Tuesday, May 29, 2007

Hundreds of cats, thousands of cats, millions and billions and trillions of cats...






Just as the infamous Danish cartoonists spent too much time in Tivoli on the mosque ride, I spent too much time listening to my parents read _Millions of Cats_ to me. My parents, of course, refute the charge that they are culpable for my cat acquisition problem: they contend that "kitty" was one of my five first words, just after tree and fish; that I started campaigning for my first cat long before I was old enough to listen to that book; that I ought to point a little higher up in the family tree, to my grandmother, who often had seven stray animals in her house. I prefer to blame my parents, though. And the book. Books should be burned.

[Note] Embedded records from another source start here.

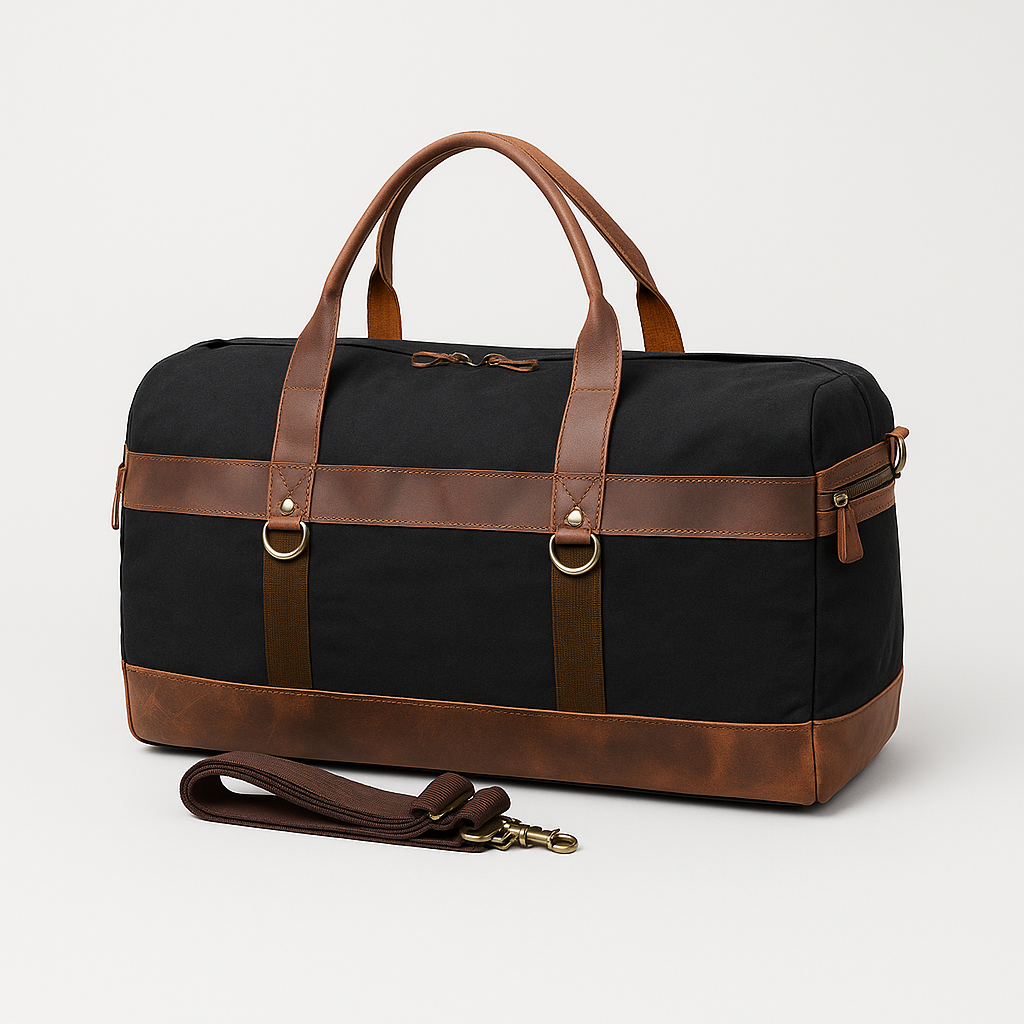 Como | Vintage Canvas Duffel Bag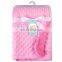 Cheap Blue Color Boy Minky Dot Fabric Baby Blanket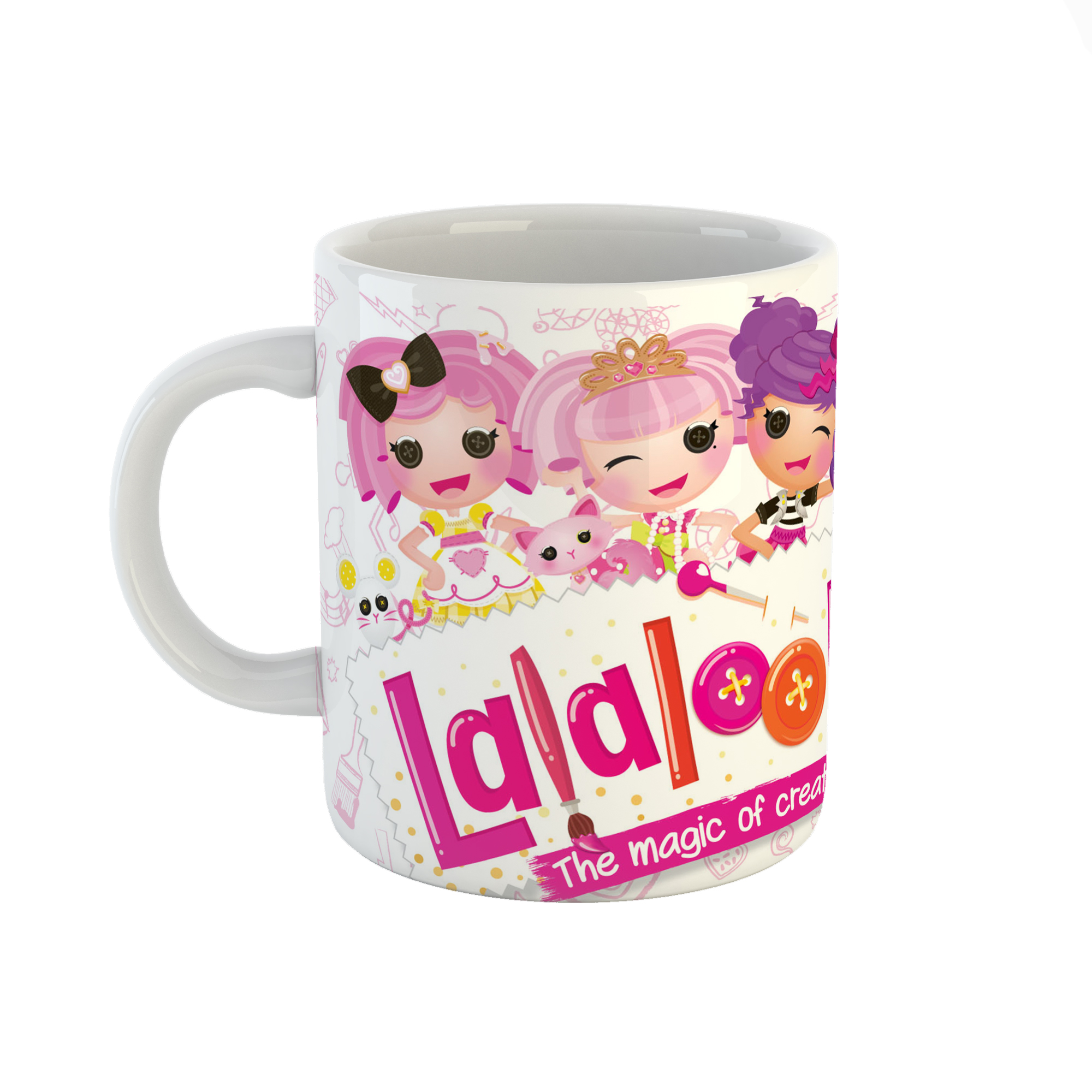 ماگ مدل لالالوپسی کد 1134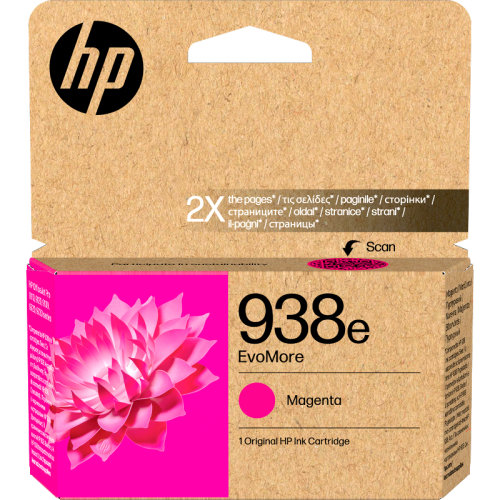 4S6Y0PE Картридж/ HP 938e Magenta Ink Cartridge 4S6Y0PE 4S6Y0PE Картридж/ HP 938e Magenta Ink Cartridge 4S6Y0PE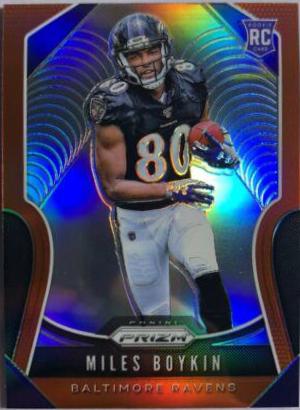 Miles Boykin [Red Prizm] #351
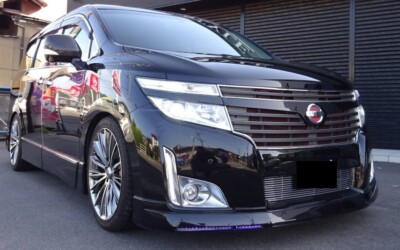 NISSAN ELGRAND 2WD HIGHWAY STAR VQ35DE PE52 HALTER ASSY-BÜRSTE 23378ED000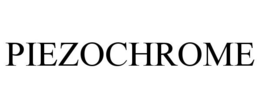 PIEZOCHROME trademark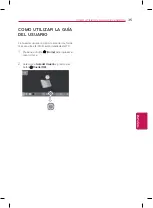 Предварительный просмотр 75 страницы LG 49LB8700 Owner'S Manual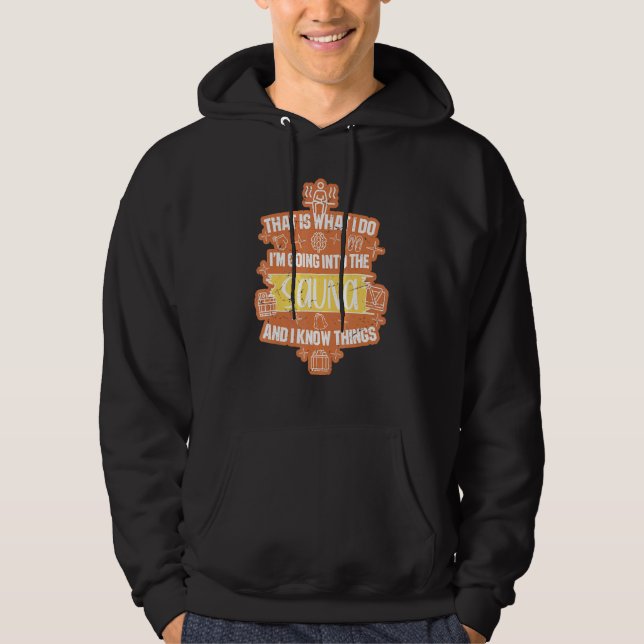 Sauna Spa Massage Sweat room Banya 12 Hoodie (Framsida)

This is all to say that acquiring Kitten #2 was not my fault; I am a product of my environment. And also, we can blame the guards, who noted that another kitten seemed to be pattering around the outer wall of our compound. Incited by a confluence of extreme boredom and my enthusiasm for Kitten #1, they launched a 24-hour cathunt. Last night they appeared, faces exultant from the thrill of conquest, at our door with the spitting, snarling and scratching spoils of their venture.

Even I think we may need to put a moratorium on the kitten harvest, perhaps settling for feeding feral cats on the porch. I have a few relatives, I believe, who can give me tips on how to set up the outdoor cat buffet.

Saturday, May 26, 2007

The Running Machine




After some initial research into gym memberships, we narrowed down the choices: hemmoraging $1000/year at the five-star Serena Hotel; subjecting ourselves to hot dog fumes, lonely marines and onion-style layers of security at the American Club; affiliating our vegetarian, kitten-saving selves with the Islamabad Hunt Club; pretending to work out on the UN Club's lone piece of cardio vascular equipment, a circa 1975 treadmill; or embracing sloth. My bout of culture shock hardly seemed the time to abandon my religious commitment to exercise, and so we set out to buy what Pakistanis call, in both Urdu and English, a running machine.

Sporting goods stores here do not sell running machines. Rather, they occupy nearly all the floor space in duty free shops -- 15-by-30 foot stalls otherwise crammed with imported dishes, luggage, crock pots, electric razors, stick-free cookware, battery-powered eyebrow shapers, and, most excitingly, a motorized bread trimmer called the SeaShrimp. We bought a treadmill after haggling at several of these stores.

A casuality of moving to Pakistan has been the dogs' excercise regimen -- until we taught Kenai to use the running machine. I think she finds it a little annoying, running toward the wall but never hitting it. And really, who doesn't?

Kafka the Kitten?





Today around 1 pm, our guards rang the bell they use to let us know when we have a visitor or mail or when they need more ice. I went outside, and they motioned frantically for me to follow them through the front gate to the grassy area adjacent to their booth. They pointed to a very dirty kitten. I was, of course, overcome with excitement, and so our two guards set about catching it, a fifteen-minute endeavor that involved climbing our neighbor's wall and exultant yelling in Urdu when they were finally successful.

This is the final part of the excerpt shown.